Eine Stelle in dem Buch „Von Beruf Schriftsteller“ von Huraki Murakami (*12.1.1949) ist mir besonders in die Seele gefallen, als er über seinen Geburtstag spricht und nicht über seinen Geburtstag spricht. Mit einem kleinen Trick lenkt er von dem eigenen Jubiläumstag ab, in dem er eine Persönlichkeit sucht, die am gleichen Tag geboren ist wie er. Er beschreibt diese Person, identifiziert sich  mit ihr und lebt sie für diesen Tag. Klug! Ich stelle mich genauso ungern in den geburtstäglichen Mittelpunkt wie der Japaner Murakami, also mache ich es ihm gleich und gebe einfach mal das Datum 8.7. in die Suchmaschine ein. Siehe da, schon findet sich ein „Seelenverwandter for the day“, der Franzose Jean de La Fontaine (8.7.1621 – 13.4.1695) , der große Erzähler der Fabeln, der die Antike mit seiner Zeit unter Ludwig XIV in Versen vermischte.

Jean de La Fontaine

Ich werde heute ein wenig eintauchen in seine gleichnishafte Fabulier-Welt mit den Zeichnungen von Gustave Doré und mache den 340 Jahre Zuvorgeborenen zu meinem Geburtstags-Alter-Ego… wer weiß vielleicht wird daraus eine neue Kollektion!

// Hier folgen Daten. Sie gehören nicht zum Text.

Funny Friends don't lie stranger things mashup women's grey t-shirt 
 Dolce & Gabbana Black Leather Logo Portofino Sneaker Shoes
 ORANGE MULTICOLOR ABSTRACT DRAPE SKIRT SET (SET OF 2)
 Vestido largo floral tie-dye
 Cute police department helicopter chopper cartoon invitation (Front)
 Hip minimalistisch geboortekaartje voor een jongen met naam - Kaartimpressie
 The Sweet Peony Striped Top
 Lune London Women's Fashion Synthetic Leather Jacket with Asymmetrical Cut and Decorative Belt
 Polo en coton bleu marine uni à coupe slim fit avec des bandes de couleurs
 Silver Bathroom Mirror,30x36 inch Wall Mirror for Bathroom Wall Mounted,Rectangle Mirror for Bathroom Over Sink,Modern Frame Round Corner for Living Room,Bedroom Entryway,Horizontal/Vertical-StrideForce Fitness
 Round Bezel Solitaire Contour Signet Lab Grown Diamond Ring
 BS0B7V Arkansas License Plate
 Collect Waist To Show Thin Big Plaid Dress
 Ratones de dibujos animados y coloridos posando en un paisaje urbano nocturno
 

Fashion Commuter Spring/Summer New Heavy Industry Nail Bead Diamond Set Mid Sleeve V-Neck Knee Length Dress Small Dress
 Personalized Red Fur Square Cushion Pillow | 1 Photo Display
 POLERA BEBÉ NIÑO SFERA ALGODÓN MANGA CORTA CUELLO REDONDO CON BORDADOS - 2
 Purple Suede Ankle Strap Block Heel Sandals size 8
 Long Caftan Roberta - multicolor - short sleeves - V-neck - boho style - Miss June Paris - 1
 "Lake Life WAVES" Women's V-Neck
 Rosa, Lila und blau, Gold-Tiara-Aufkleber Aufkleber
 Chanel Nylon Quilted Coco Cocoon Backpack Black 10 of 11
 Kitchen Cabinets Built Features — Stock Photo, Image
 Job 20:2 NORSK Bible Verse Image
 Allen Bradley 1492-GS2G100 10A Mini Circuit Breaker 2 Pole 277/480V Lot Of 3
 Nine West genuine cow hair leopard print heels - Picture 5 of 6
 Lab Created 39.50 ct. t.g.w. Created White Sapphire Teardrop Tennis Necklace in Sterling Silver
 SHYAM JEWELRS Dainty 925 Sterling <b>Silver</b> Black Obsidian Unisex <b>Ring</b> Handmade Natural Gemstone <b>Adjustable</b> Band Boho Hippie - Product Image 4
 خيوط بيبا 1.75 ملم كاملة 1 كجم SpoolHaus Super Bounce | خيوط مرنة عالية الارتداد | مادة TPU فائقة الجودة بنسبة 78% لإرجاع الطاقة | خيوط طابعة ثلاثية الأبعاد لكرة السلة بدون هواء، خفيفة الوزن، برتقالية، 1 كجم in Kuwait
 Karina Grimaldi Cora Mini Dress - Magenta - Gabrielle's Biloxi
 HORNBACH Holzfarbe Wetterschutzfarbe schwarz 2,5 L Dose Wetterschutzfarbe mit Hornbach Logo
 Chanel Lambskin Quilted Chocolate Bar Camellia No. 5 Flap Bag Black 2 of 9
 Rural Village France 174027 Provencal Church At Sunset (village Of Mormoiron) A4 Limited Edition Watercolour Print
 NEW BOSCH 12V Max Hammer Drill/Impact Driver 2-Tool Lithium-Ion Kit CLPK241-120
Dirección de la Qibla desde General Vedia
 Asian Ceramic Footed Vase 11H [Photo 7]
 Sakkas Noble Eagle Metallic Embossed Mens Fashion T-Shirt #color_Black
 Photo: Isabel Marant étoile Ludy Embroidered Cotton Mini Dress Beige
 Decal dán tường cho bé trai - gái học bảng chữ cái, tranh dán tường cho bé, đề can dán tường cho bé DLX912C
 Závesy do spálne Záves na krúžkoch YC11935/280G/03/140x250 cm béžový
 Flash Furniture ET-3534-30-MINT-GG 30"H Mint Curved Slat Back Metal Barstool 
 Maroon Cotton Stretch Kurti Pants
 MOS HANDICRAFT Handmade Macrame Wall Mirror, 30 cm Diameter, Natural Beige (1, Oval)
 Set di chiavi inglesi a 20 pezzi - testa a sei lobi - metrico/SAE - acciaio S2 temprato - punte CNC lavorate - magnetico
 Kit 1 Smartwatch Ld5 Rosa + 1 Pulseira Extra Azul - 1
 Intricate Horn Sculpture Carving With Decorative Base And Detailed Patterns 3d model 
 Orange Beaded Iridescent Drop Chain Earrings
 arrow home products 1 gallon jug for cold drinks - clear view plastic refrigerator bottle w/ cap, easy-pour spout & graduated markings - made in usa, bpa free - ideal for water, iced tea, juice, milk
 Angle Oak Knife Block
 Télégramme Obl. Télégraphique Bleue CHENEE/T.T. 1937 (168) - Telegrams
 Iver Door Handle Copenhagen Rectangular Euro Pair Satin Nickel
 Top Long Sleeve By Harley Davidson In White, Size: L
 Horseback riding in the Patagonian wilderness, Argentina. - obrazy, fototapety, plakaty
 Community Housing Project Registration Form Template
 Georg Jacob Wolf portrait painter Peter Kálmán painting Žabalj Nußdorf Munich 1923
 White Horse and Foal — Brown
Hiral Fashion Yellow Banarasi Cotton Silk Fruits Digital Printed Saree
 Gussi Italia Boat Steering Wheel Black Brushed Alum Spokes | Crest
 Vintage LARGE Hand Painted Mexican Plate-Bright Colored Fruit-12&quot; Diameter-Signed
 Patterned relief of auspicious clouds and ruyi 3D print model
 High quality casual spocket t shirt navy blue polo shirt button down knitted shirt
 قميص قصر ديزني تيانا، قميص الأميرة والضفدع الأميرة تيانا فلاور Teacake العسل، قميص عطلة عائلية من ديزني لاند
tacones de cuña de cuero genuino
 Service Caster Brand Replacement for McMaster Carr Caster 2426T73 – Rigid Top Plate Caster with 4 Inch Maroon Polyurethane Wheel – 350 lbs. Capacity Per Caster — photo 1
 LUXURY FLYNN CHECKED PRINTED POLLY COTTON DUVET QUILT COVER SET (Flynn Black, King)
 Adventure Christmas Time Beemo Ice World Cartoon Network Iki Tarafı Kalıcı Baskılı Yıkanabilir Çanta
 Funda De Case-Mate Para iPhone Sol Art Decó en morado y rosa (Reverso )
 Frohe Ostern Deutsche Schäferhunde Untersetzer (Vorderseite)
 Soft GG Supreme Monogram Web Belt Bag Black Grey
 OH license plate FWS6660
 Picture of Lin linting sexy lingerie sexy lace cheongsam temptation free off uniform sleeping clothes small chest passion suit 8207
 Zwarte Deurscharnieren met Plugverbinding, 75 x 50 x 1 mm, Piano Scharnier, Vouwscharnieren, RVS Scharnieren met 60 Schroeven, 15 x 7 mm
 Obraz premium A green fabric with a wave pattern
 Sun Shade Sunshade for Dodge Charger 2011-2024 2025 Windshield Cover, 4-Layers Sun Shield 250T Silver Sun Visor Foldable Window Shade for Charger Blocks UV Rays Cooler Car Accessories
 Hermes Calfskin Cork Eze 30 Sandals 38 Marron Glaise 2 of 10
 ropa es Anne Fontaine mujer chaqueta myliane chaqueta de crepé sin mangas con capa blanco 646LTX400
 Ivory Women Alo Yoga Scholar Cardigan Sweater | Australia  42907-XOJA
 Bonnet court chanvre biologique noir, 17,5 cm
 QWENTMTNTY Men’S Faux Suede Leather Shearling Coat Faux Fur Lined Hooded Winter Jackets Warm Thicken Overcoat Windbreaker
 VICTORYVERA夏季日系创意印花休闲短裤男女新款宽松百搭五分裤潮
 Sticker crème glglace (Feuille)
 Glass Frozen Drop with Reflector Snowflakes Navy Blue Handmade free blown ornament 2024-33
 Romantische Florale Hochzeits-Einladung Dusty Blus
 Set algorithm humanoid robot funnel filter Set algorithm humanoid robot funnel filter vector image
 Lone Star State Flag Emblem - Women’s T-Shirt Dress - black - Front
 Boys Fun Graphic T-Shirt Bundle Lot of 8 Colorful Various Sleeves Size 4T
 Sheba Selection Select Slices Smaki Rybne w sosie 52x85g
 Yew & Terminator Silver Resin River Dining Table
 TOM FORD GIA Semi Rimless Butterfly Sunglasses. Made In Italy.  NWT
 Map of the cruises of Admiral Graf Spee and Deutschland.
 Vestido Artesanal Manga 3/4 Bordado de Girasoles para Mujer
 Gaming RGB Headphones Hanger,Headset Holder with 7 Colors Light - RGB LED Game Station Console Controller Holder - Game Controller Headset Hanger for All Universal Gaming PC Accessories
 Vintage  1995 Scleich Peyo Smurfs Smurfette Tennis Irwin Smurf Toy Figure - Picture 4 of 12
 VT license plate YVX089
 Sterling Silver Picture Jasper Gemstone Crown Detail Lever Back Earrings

Der Rabe und der Fuchs Dort

Der Rabe und der Fuchs

Im Schnabel einen Käse haltend, hockt
auf einem Baumast Meister Rabe.
Von dieses Käses Duft herbeigelockt,
spricht Meister Fuchs, der schlaue Knabe:
»Ah, Herr von Rabe, guten Tag!
Ihr seid so nett und von so feinem Schlag!
Entspricht dem glänzenden Gefieder
auch noch der Wohlklang Eurer Lieder,
dann seid der Phönix Ihr in diesem Waldrevier.«
Dem Raben hüpft das Herz vor Lust. Der Stimme Zier
möcht‘ er nun lassen schallen;
er tut den Schnabel auf – und läßt den Käse fallen.
Der Fuchs nimmt ihn und spricht:
»Mein Freundchen, denkt an mich!
Ein jeder Schmeichler mästet sich
vom Fette dessen, der ihn gerne hört.
Die Lehre sei dir einen Käse wert!«
Der Rabe, scham- und reuevoll,
schwört, etwas spät, daß ihm so was nie mehr passieren soll.